Credit scores are like a note on your borrowing history, and all private student loan borrowers will consider your score when you apply for a loan. The scores are on a scale of 300 to 850, in five categories, according to Experiential:
The average credit score of the student loan borrower falls into the “very good” category. According to Experian data, approximately 46% of the US population has a credit rating in the “very good” or “excellent” categories. If your score is not in this range, there are things you can do.
Federal student loans do not require a credit check for many student borrowers and may have lower interest rates than private student loans. For the 2020-2021 school year, all Federal Direct Undergraduate Student Loans will have an interest rate of 2.75%. For private borrowers in 2020, the average interest rate for a co-signed fixed rate student loan is 10.20%.

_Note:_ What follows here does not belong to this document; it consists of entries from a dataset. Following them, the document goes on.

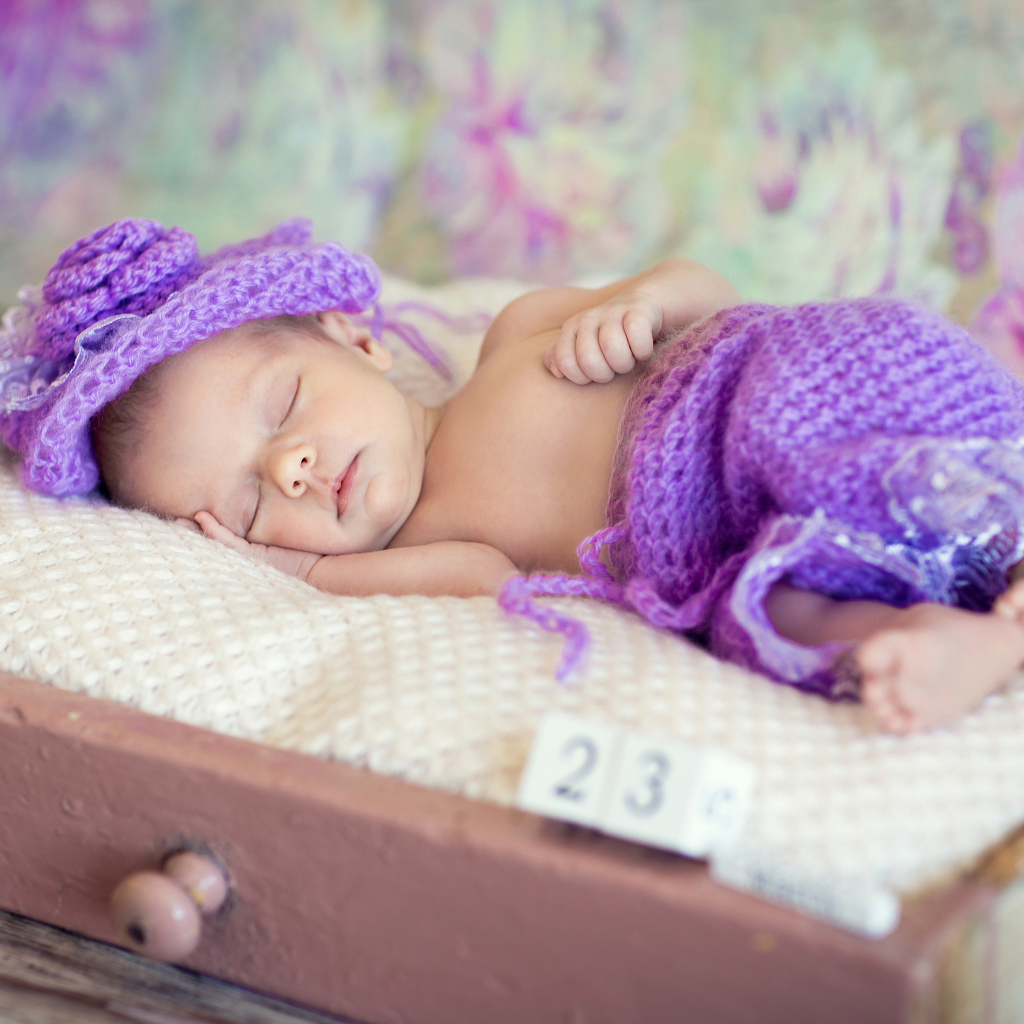 Маленький спящий младенец в вязаном фиолетовом костюме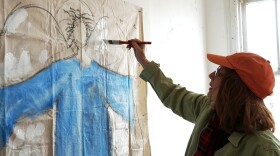 Jerre Wike-Picker of Grace Church paints a "protecting angel" on a sheet of canvas on February 2, 2019. The church is partnering with nonprofit LOVEtheLOU to restore a vacant home in the city's Vandeventer neighborhood.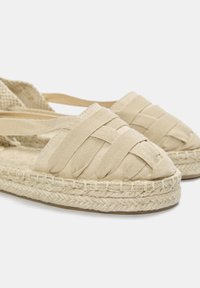Béžové espadrilky s tkaným textilním svrškem, juteovou podrážkou a kulatou špičkou. Měkká plátěná textura s elastickými popruhy pro bezpečné nošení.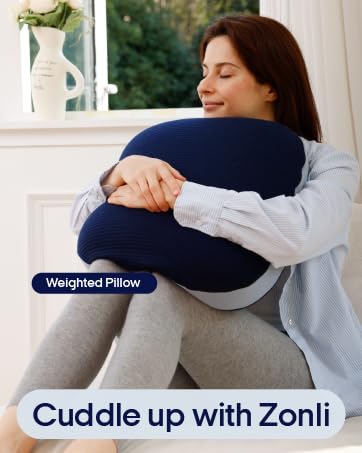 A woman holding a Zonli Weighted Pillow, presenting the product&#39;s usage scenario.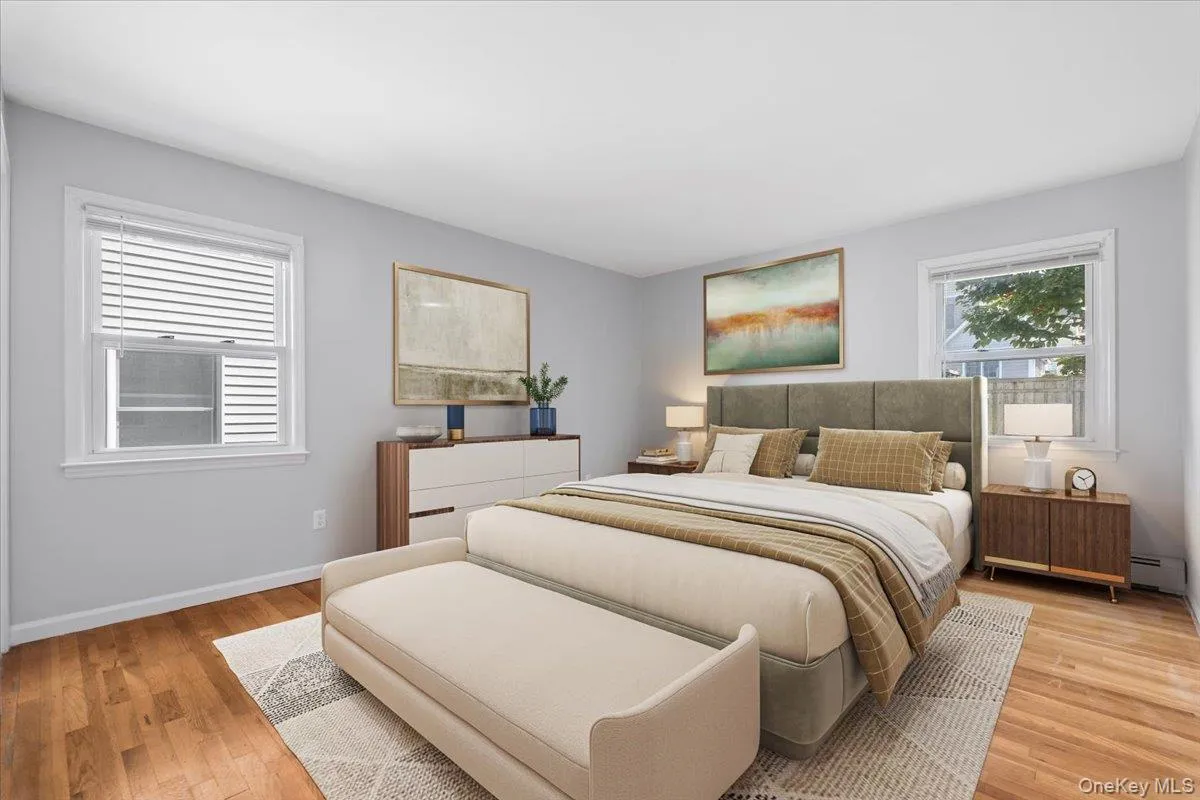 Bedroom featuring light wood-style floors and a baseboard radiator*Virtually Staged Bedroom featuring light wood-style floors and a baseboard radiator*Virtually Staged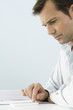 Man using calculator, sitting at table, side view
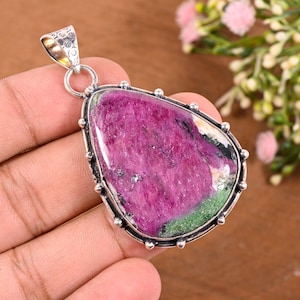 May include: A teardrop-shaped pendant featuring a large, polished ruby zoisite gemstone with vibrant magenta and green inclusions. The stone is set in a silver bezel with small decorative metal beads along the edge and a textured silver bail.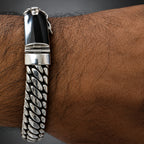 A men's silver-toned chain bracelet with a polished rectangular black inlay clasp, shown worn on a man's wrist against a dark gray gradient background.
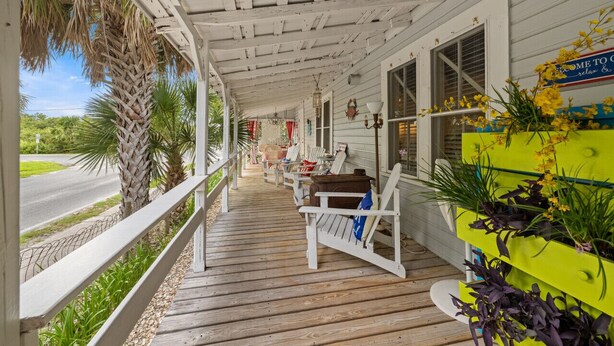 A covered porch with wooden railings, outdoor seating, and a view of the road.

Federal student loans are usually the smartest way to borrow for college. However, there are certain situations where you might need private loans, and there are several ways to increase your chances of approval.
Consider a co-signer and work on your credit score
Most students do not have a long credit history and could earn a better interest rate by having their loan co-signed with someone such as a parent or guardian.
A co-signer is someone who takes responsibility for the loan with you, and could also be held responsible for the loan if you stop paying it. According to data from LendEDU, people were more likely to be approved with a co-signer. Of those applications with a co-signer, about 36% were approved, while only about 8.8% of those who applied without a co-signer were approved. However, it should be noted that this could be a risky decision for your co-signer: they could be required to repay your loan if you don’t, and any late or missed payments you make could affect their credit rating as well.